Um ao lado do outro, expunham suas delicadas corolas ao calor ameno da manhã de inverno. Talvez por causa disso, havia uma inexplicável alegria na voz das monjas, apesar dos mantras de culto aos mortos.

Ninguém podia imaginar quanto tempo elles tiveram que esperar até estarem assim, tão próximos um do outro, pendendo do mesmo galho.
Ella já havia perdido a esperança, enclausurada na forma de pequena semente.

Elle repousou tranqüilo e quase sem memória, nas cinzas de alguém que havia sido, muito depois do tempo em que estiveram juntos, numa vila de pescadores, ao norte da Sicília.
Lembrava vagamente da estranha alegria que sentira, quando a urna mortuária foi colocada na mochila do monge. Cruzaram as águas do Indico, e depois, as do Atlântico, sempre na direção do poente. Acordava e adormecia, embalado pelas ondas. E à medida que o tempo passava, ia ficando cada vez mais desperto.
Ella adivinhou que o reencontro estava próximo, quando o fruto vermelho que a envolvia tocou os lábios da monja.

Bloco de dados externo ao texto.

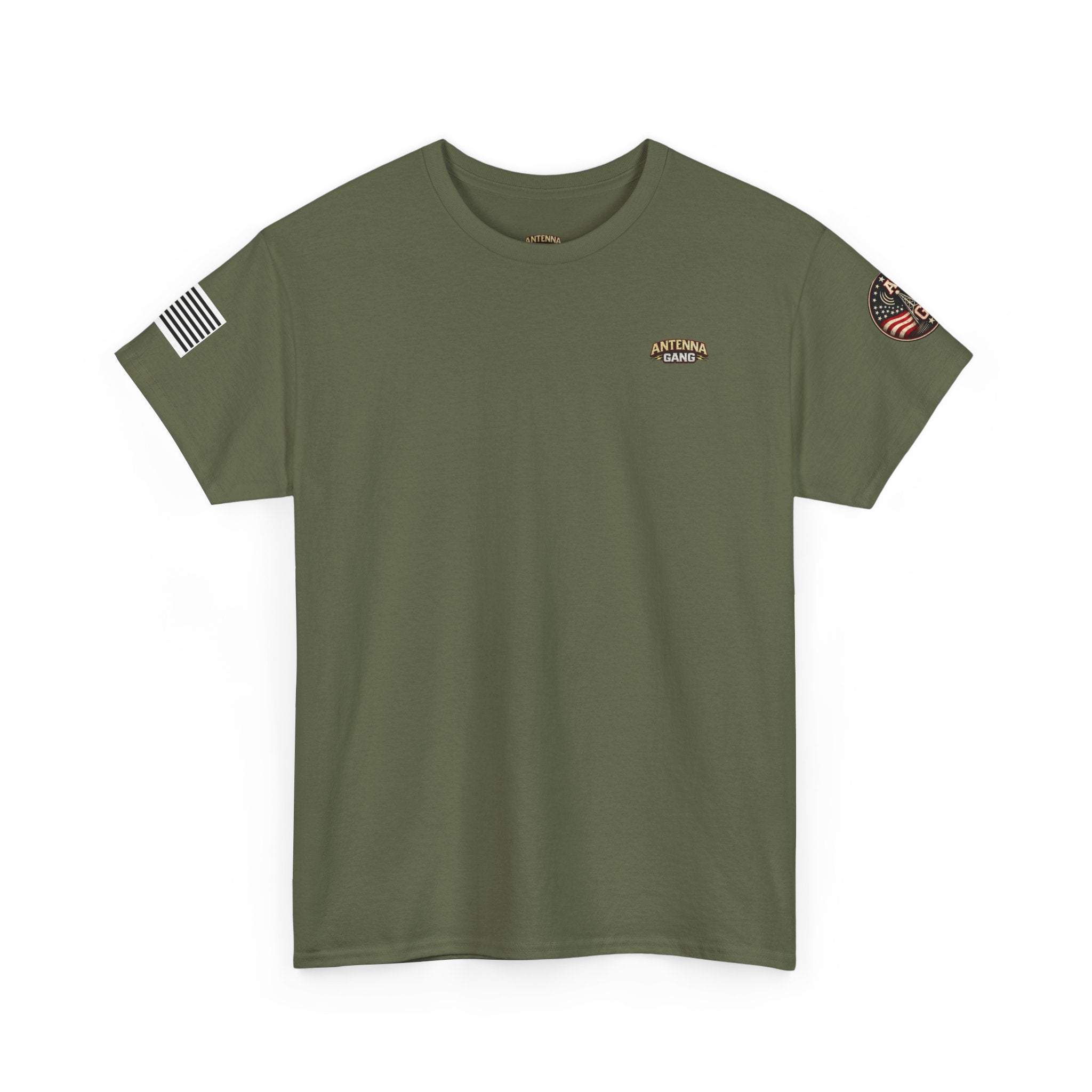 Antenna Gang Radio Signal Patch T-Shirt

A jovem chinesa revolveu-a dentro da boca, riscou de leve sua pele com os dentes brancos, cuspiu-a na palma suave da mãozinha casta. Depois, deixou que Ella adormecesse meses a fio, no bolso quente de um casaco.
Um dia, sem mais nem menos, a monja chegou ao seu destino, desfez as malas e sacudiu a roupa para o lado de fora das janelas do templo.
Ella foi arremessada para o sopé do morro, onde mais tarde, haveria um lago e um jardim. O peso da enxurrada e os pés dos operários empurraram-na cada vez mais fundo, solo adentro.
Fechou-se o mais que pode, resistindo ao calor dos verões, mas um dia, reconheceu que não podia esperar mais. Explodiu num emaranhado de radículas, num caule fino e reto, que, mesmo contra a sua vontade, crescia rápido, em direção à luz.
Não era mais do que duas pequenas folhas, tremendo ao fresco vento outonal, quando o missionário apareceu.
A cerimônia foi breve, as palavras, desconhecidas, o tom, solene.

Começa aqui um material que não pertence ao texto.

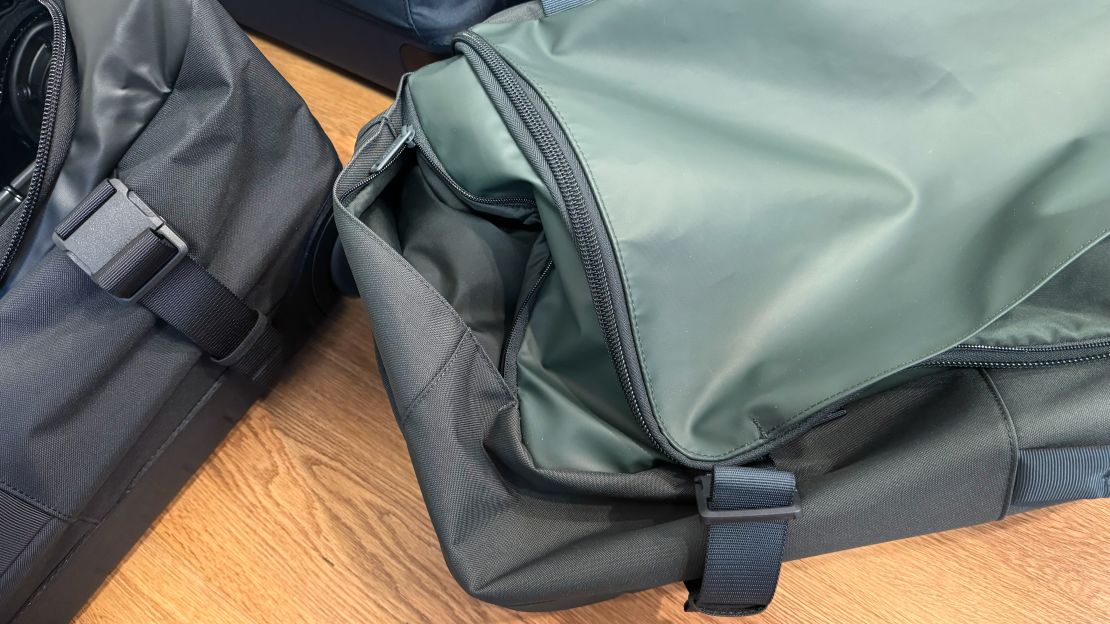 Away Outdoor Rolling Duffle exterior compartment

E então - maravilha das maravilhas - a caixa talhada em sândalo abriu-se, no ar, e Elle choveu sobre Ella, em forma de nuvem cinza-prateada.
Se vegetais suspirassem ou gemessem de prazer, a noite chuvosa teria sido entrecortada por ruídos inexplicáveis.
Mas, como brotos de cerejeiras e cinzas humanas têm uma natureza dócil e silenciosa, Elle deixou-se assimilar por Ella, molécula após molécula, até circular livre e feliz, pelo delgado corpo, como seiva, evitando, por pura prudência, as extremidades.
Parecia ser um final feliz, se não fosse a intromissão do elemental responsável pelo projeto da árvore que Ella estava destinada a ser.

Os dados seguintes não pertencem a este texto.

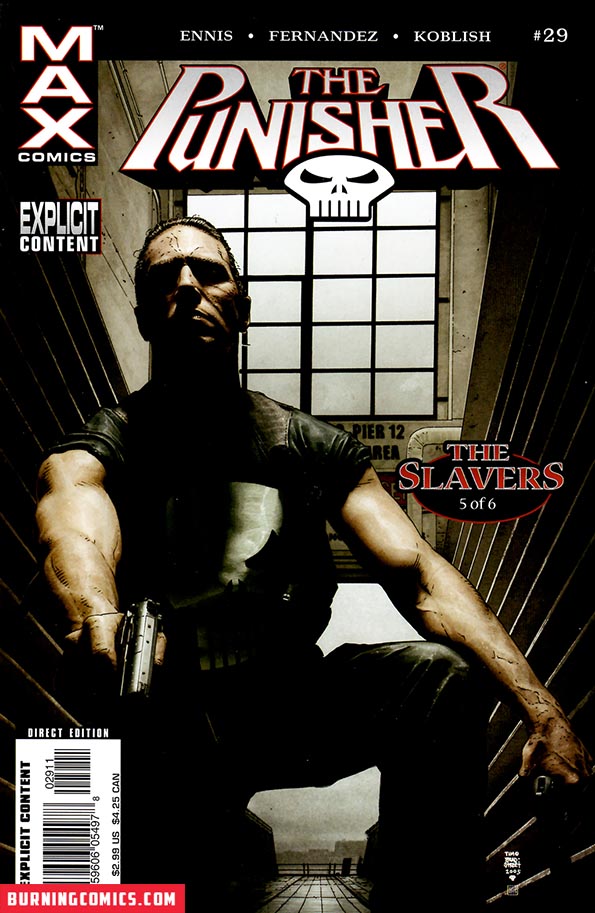 Punisher (2004) MAX #29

Evandór exigia uma tomada de decisão. Elle não poderia, continuar circulando por muito tempo como seiva, sob pena de comprometer o desenvolvimento dElla. Elle deveria tornar-se uma parte qualquer da planta, permanecer ali por algum tempo, submeter-se à natural continuidade do ciclo, sendo descartado, e re-assimilado por um outro ser - vegetal, animal ou mineral.
Entristeceram-se.

Ella deixou pender seus poucos finos galhos, até o dia em que Elle resolveu que seria flor. E por que não, semente? Indagou o elemental – irritado.
Elle não disse nada, mas, Ella, em sua longa experiência de planta, havia compreendido tudo.

Cerejeiras demoram a florescer. Elle havia escolhido a alternativa mais segura. Fechar-se em si mesmo, como semente, dentro de um fruto, era correr o risco de perder-se dElla novamente.
Sendo flor, mesmo murchando e morrendo, teria muito mais chances de ser novamente assimilado.

Diante do firme propósito dElle, o elemental deixou cair o queixo, pensativo, até porque intuía que essa escolha sinalizava novos problemas.
Depois da decisão dElle, Ella abandonou sua posição de guia, no topo do ramo central, e concentrou–se no desenvolvimento de um galho secundário.

Em vão, o elemental tentou dissuadi-la. Noite e dia repetia a Ella que experiências assim não resultavam bem. Além de não fazer parte do projeto original, o novo galho era um desperdício de energia. Com certeza teria folhas e flores de uma vitalidade exuberante, para definhar e morrer, em seguida. Isso sem falar no desequilíbrio que o ramo inesperado traria à proverbial beleza da planta.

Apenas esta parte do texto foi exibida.